Viviamo in un mondo digitale che si basa su storie. Raccontate (molto), ascoltate (poco). Sicuramente uno sforzo creativo quotidiano non indifferente per far vivere mondi attraverso parole, immagini e video. Molto spesso, un eccesso però, che caratterizza le nostre giornate. E così uno dei più grandi scrittori americani contemporanei è uscito con “Il silenzio”, un libro di poche pagine, ambientato nel 2022 in cui ha tolto la spina alla tecnologia per dar vita a una silenziosa New York al buio. E capiamoci bene, non ha zittito internet, ipotizzando quel famoso crollo della rete a cui molti pensavano negli scorsi mesi. No, Don De Lillo ha sentito il bisogno di togliere completamente l’elettricità al mondo.
E cosa ha scoperto?
Facciamo prima un passo indietro. Sto leggendo a piccoli bocconi un libro che si chiama “Il grande libro della scrittura” di Marco Franzoso che analizza i romanzi di successo per trarre delle regole generali a cui gli aspiranti scrittori possano rifarsi, imparando così a navigare nel mare magnum della letteratura. Un bel volume che proprio nelle prime pagine racconta il valore delle storie. Perché i romanzi? Perché raccontare storie?
Per tramandare esperienze. Il romanzo permette di imparare non attraverso le regole dei saggi ma attraverso l’empatia. Calandoci nei panni del protagonista iniziamo a vedere il mondo sotto altri occhi e viviamo la sua crescita.
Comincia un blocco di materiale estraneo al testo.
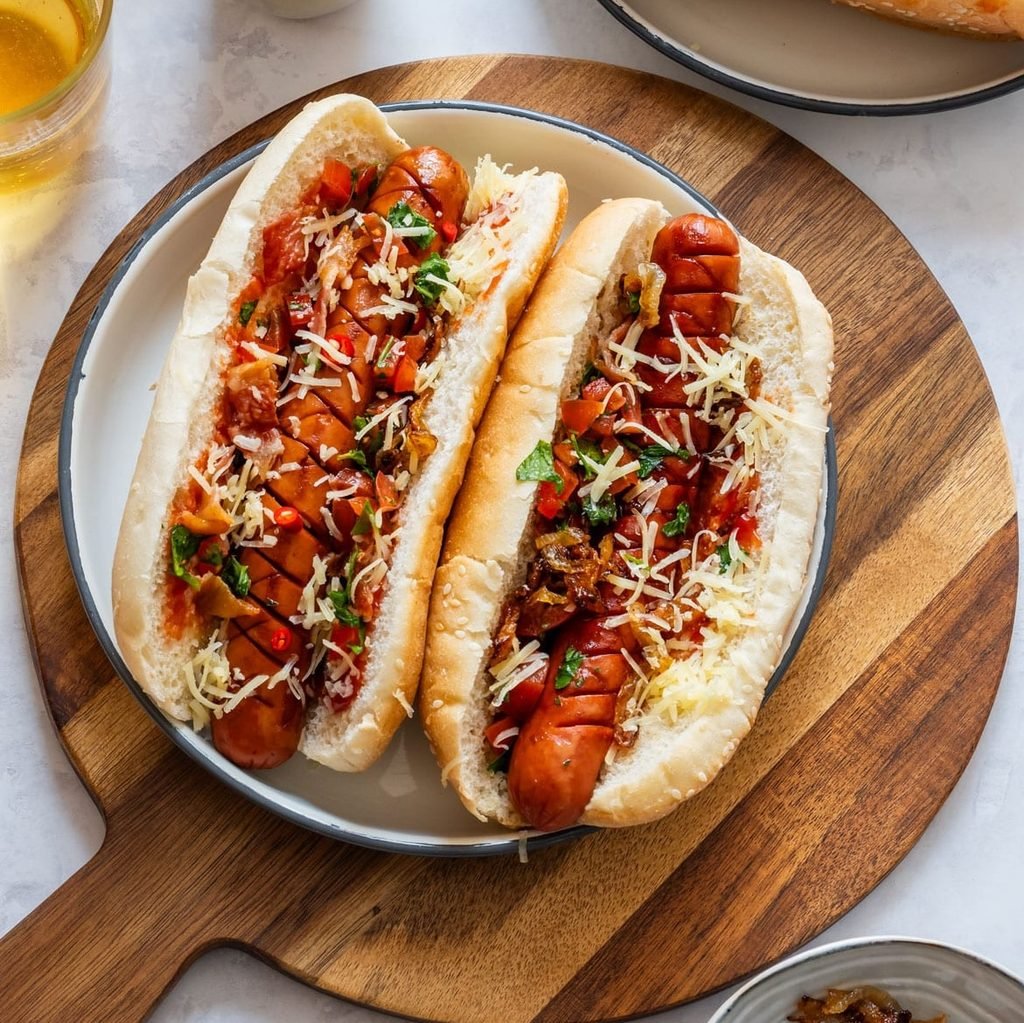cheese hot dog farm house egypt 3 Cheese hot dog recipe idea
Il percorso dell’eroe: vive in una situazione più o meno di equilibrio ma poi qualcosa si rompe e un ostacolo viene posto sul suo cammino. La storia sarà quindi il racconto delle sue avventure per superare la sfida, vincerla e creare una nuova armonia.
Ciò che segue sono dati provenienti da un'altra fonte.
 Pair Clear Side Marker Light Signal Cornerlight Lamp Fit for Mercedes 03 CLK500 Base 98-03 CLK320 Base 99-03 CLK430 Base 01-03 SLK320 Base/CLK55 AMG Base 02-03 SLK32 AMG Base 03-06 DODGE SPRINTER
Questo è lo schema classico, alla base di fiabe, grandi classici e romanzi di formazione. Ma così come la società è più complessa oggi, anche l’arte ne riproduce le sue sfaccettature. Romanzi, Film, serie tv sono più complicate.
Questo mese ho recuperato su Apple Tv la prima stagione di The Morning Show che si concentra sul movimento del #metoo. Tra i meriti di questa serie tv non solo l’altissima qualità ma anche l’essere uno specchio dei nostri tempi difficili, in cui questioni come il gender gap o abuso di potere sono nelle notizie di cronaca quasi quotidiane o da salotto. Ancora una volta l’arte ci racconta questo non in maniera didascalica ma toccando i nostri sentimenti. E forse questo ci può aiutare a capire meglio quello che succede alle persone intorno a noi. Le storie ci danno una mappa per scoprire il mondo con nuovi occhi.
Ovviamente non sempre le storie ci toccano. A volte non riescono a parlarci. Penso ad esempio a uno degli ultimi romanzi letti, Chiedi alla polvere di John Fante. Un capolavoro stilistico e metaforico, con questo fascino della polvere californiana come riflesso dell’interiorità di Arturo Bandini. Un libro che ho sempre voluto leggere ma che non mi ha colpito nè più nè meno di molti altri.
Allora forse cerchiamo storie che ci possano aiutare meglio a capirci. E in un mondo che di storie ne offre troppe (provate ad aprire un feed instagram e scorrerlo per 5 minuti e scoprirete un mondo senza fine) sta a noi trovare la quadra.
E alla fine di tutto torniamo alla domanda iniziale: cosa ha scoperto Don De Lillo nel silenzio della tecnologia? Forse quello che sappiamo già tutti. Che c’è quantità ma poca qualità. Che c’è chi straparla, chi si cela, chi divaga. Scopriamo che ciò che ci sembra accettabile sui social non sarebbe accettabile o condivisibile nella vita offline. Eppure oggi lo accettiamo solo perché è tutto digitale, illudendoci che sia lontano. Ma no, non lo è così tanto.
Quante cose di qualità abbiamo realmente da dire? Molto spesso me lo chiedo prima di pubblicare una foto, prima di scrivere, prima di condividere. Questo contenuto vale la pena scriverlo? E per qualcuno vale la pena leggerlo?
Ero partita dalla voglia di condividere un post blog a settimana, per darmi un ritmo ma ho scoperto che per quanto io legga, veda film, ascolti musica o qualunque altra cosa, è difficile avere ogni settimana qualcosa di qualità da raccontare. Qualcosa che abbia valore. Almeno lo è per me. Forse una volta al mese è più facile. O forse meglio lasciarsi guidare da quel famoso detto anonimo: Apri la mente prima di aprire la bocca. Perché la qualità non sembra amica di algoritmi. O perlomeno non ancora.